Volume 28
Issue
3
Date
2021

Acres of Distrust: Heirs Property, the Law’s Role in Sowing Suspicion Among Americans and How Lawyers Can Help Curb Black Land Loss

by Will Breland

In the last century, Black landownership has declined by roughly 90 percent. One agricultural attorney remarked of the phenomenon, “I think the threat to Black-owned land is one of the biggest social issues of our time.” The passing observer might hypothesize that the hemorrhaging of Black lands occurred in the distant past because of Jim Crow laws or the Great Migration. However, this notion is mostly false. Rather, the tremendous loss of Black lands occurred in the latter half of the twentieth century and into the current decade. Many such losses can be attributed to the prevalence of “heirs property,” or property defined by the existence of a tenancy-in-common form of ownership as a result of intestacy, and speculators, developers, and legal professionals’ exploitation of such landowners’ tenuous form of ownership through partition sales. Heirs property ownership is particularly widespread in the rural South and in predominately African American communities.

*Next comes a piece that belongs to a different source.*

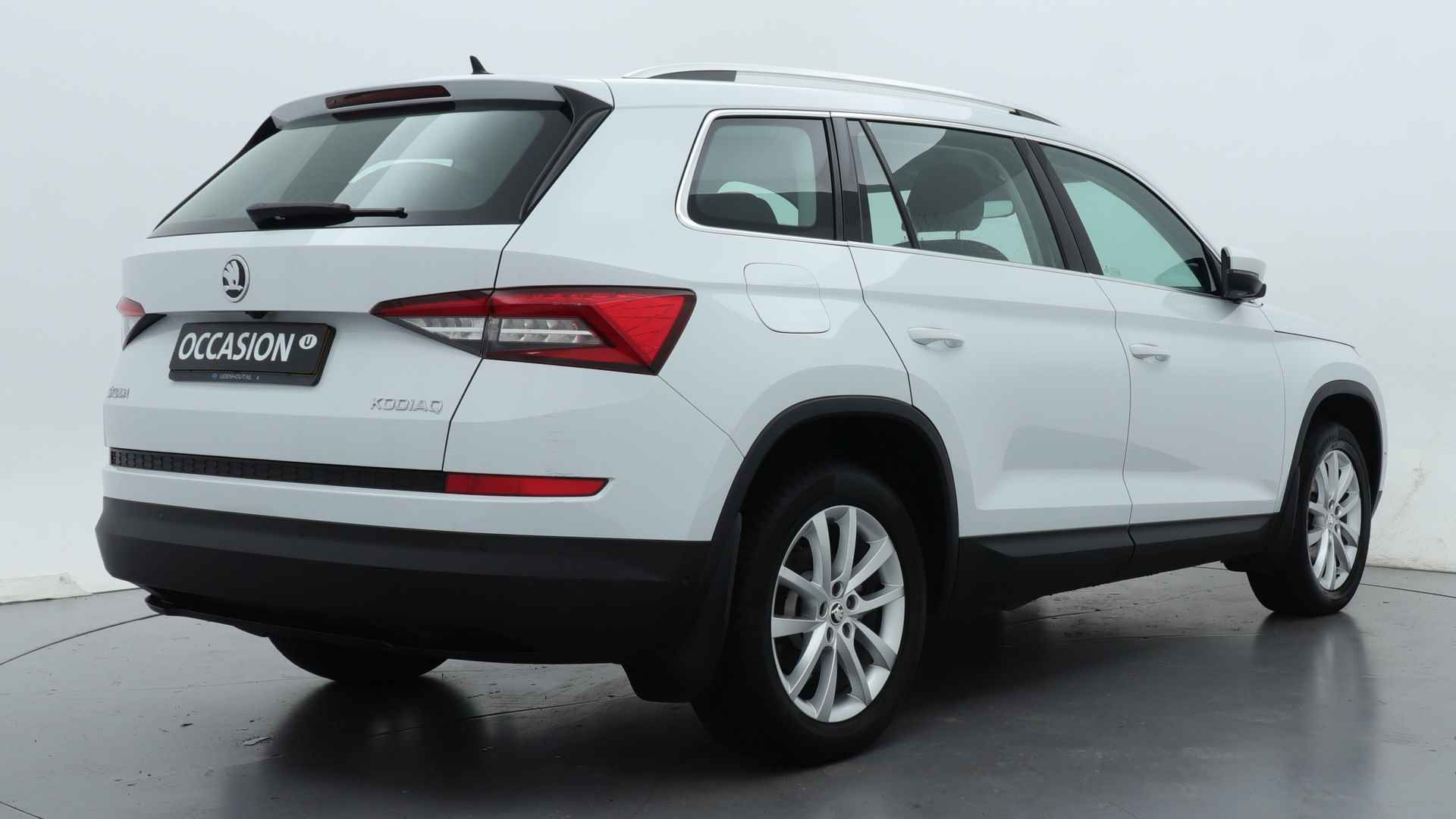 Škoda Kodiaq 1.5 TSI 150pk Style Business DSG / Navigatie / Stoelverwarming / Camera / Xenon - 5/34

It is the position of this Article that such exploitation has caused many, particularly in the African American community, to view legal professionals with distrust, particularly regarding property matters. In order to illustrate the connection between Black landownership and its past interactions with the legal system, this Article outlines the social and legal history of Black landownership. While scholars debate the impact of mistrust in the legal system and its practitioners on estate planning, this Article contends that past negative interactions with the legal system inhibit the utilization of estate planning services. As a result, this perpetuates a cycle of inheritance through intestacy on a massive scale. Finally, this Article provides proposed solutions for legal professionals to consider when dealing with such legal issues. In particular, courts must adhere to the majority of states’ preferences for partitions in kind rather than demonstrating an over-eagerness in ordering partition sales. As such, courts should consider intangible property values when making partition determinations, rather than exclusively considering economic values. In order to accomplish this, the development of culturally competent attorneys and judges is paramount. Therefore, this Article argues that law schools and continuing legal education programs must emphasize cultural competence.